Data used in Experiment

For the purpose of fine-tuning via Dreambooth, a very small dataset was used, comprising 4 nearly identical images of a silver gradient cat, placed in the ./instance/ directory.

Acknowledgments

This experiment was developed based on an official example provided by ColossalAI, with the primary effort being the adjustment of code and runtime parameters to ensure successful execution with limited resources. Due to the dependency on specific versions of CUDA and even C++ builders, I cannot guarantee the robustness of the code across all environments. Should you encounter any issues while using it, please feel free to contact me.

Initially, my endeavor to delve into fine-tuning diffusion models led me to explore the examples provided for training LDM (Latent Diffusion Models) within ColossalAI. However, this journey was fraught with obstacles. A notable challenge arose from the integration efforts between Lightning and ColossalAI, where it became apparent that Lightning was attempting to work with parts of ColossalAI that had been deprecated. The option to downgrade ColossalAI to resolve these integration issues presented a new set of problems. The intricate dependency between ColossalAI and Lightning introduces additional complexity, making the debugging process particularly challenging. It is my hope that the maintainers of ColossalAI can address these issues by updating the relevant examples.

Setting & Implement

1. Single GPU Consideration:

To accommodate the limited computational resources of a single GPU setup, the --nproc_per_node is set to 1, and train_batch_size is also set to 1. This configuration ensures that the training process is optimized for environments with restricted hardware capabilities.

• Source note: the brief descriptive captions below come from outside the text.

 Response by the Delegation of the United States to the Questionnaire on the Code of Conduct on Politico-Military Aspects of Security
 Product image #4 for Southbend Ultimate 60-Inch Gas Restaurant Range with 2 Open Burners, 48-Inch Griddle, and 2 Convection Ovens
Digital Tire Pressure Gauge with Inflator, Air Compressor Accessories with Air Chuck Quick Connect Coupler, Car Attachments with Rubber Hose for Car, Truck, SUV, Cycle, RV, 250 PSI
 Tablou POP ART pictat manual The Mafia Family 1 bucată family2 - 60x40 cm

2. Mixed Precision Training:

The experiment leverages FP16 (mixed precision) to manage memory usage more effectively. Corrections were made in the code to ensure uniform data types across all models:

In the code of ColossalAI, only vae and text_encoder were adjusted, but the data accuracy of unet was not adjusted, resulting in mismatch in subsequent data accuracy.

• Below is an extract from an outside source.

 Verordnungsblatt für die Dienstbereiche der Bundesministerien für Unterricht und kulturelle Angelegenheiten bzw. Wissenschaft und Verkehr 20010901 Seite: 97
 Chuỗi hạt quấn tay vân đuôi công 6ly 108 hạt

  • Model components, including the VAE, text encoder, and UNet, are transferred to the appropriate device with the correct data type:
  vae.to(get_accelerator().get_current_device(), dtype=weight_dtype)
  text_encoder.to(get_accelerator().get_current_device(), dtype=weight_dtype)
  unet.to(get_accelerator().get_current_device(), dtype=weight_dtype)
  • To further avoid the problem of inconsistent data precision, it is needed to ensure that the precision of lantent and text_encode is converted correctly before passing to UNet:
  noisy_latents = noise_scheduler.add_noise(latents, noise, timesteps)
  noisy_latents = noisy_latents.to(get_accelerator().get_current_device(), dtype=weight_dtype)

  encoder_hidden_states = text_encoder(batch["input_ids"])[0]
  encoder_hidden_states = encoder_hidden_states.to(get_accelerator().get_current_device(), dtype=weight_dtype)

3. Code Organization:

To streamline the main Python script and enhance clarity, the dataset and argument parser were moved into a separate utils module. To ensure a focused and tested approach, several untested options and features were removed, including:

  • Removal of Push to Hugging Face Functionality.

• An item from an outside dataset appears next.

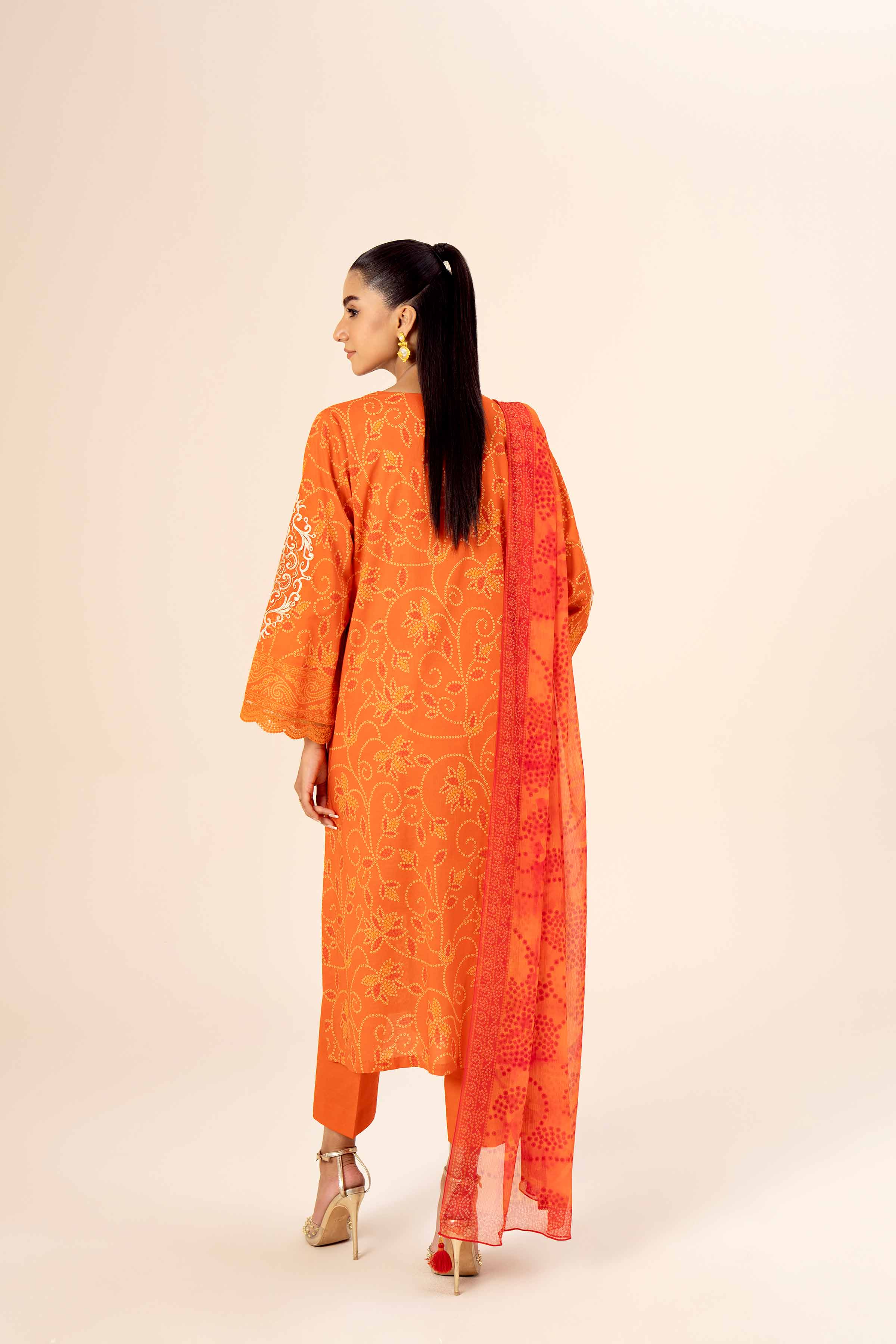 3 Piece - Printed Embroidered Suit - 42402037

  • Simplification of Text Encoder Options: I restricted the text encoder options exclusively to CLIPTextModel, in alignment with the architecture of the Stable Diffusion v1.4 model.

  • Discontinuation of Booster Plugin: torch_ddp remains as the only chosen strategy.

4. Model Saving:

Originally, only the UNet's parameters were saved during the fine-tuning process, which aligns with our objective as UNet is the focus of fine-tuning. However, the saving functionality provided by ColossalAI posed challenges for the subsequent evaluation process. To address this, I opted for a straightforward solution by directly copying the other unchanged files of the Stable Diffusion v1.4 model to the output_dir. This approach, albeit not space-efficient, simplifies the implementation and facilitates easier access to the model for evaluation purposes.

    dir_list = ["feature_extractor", "safety_checker", "scheduler", "text_encoder", "tokenizer", "vae"]
    if local_rank == 0:
        shutil.rmtree(args.output_dir)
        os.makedirs(args.output_dir, exist_ok=True)
        
        for d in dir_list:
            shutil.copytree(os.path.join(args.pretrained_model_name_or_path, d), os.path.join(args.output_dir, d))

        shutil.copy(os.path.join(args.pretrained_model_name_or_path, "model_index.json"), args.output_dir)
        
        os.makedirs(os.path.join(args.output_dir, "unet"), exist_ok=True)
        shutil.copy(os.path.join(args.pretrained_model_name_or_path, "unet/config.json"), os.path.join(args.output_dir, "unet"))

        booster.save_model(unet, os.path.join(os.path.join(args.output_dir, "unet"), "diffusion_pytorch_model.bin"))
        logger.info(f"Saving model checkpoint to {args.output_dir} on rank {local_rank}")

5. Evaluation:

Dreambooth lacks an automated method for evaluation. Therefore, after the fine-tuning process, the model was manually evaluated by generating images using the same prompt. The outcomes of this evaluation are discussed in the subsequent section.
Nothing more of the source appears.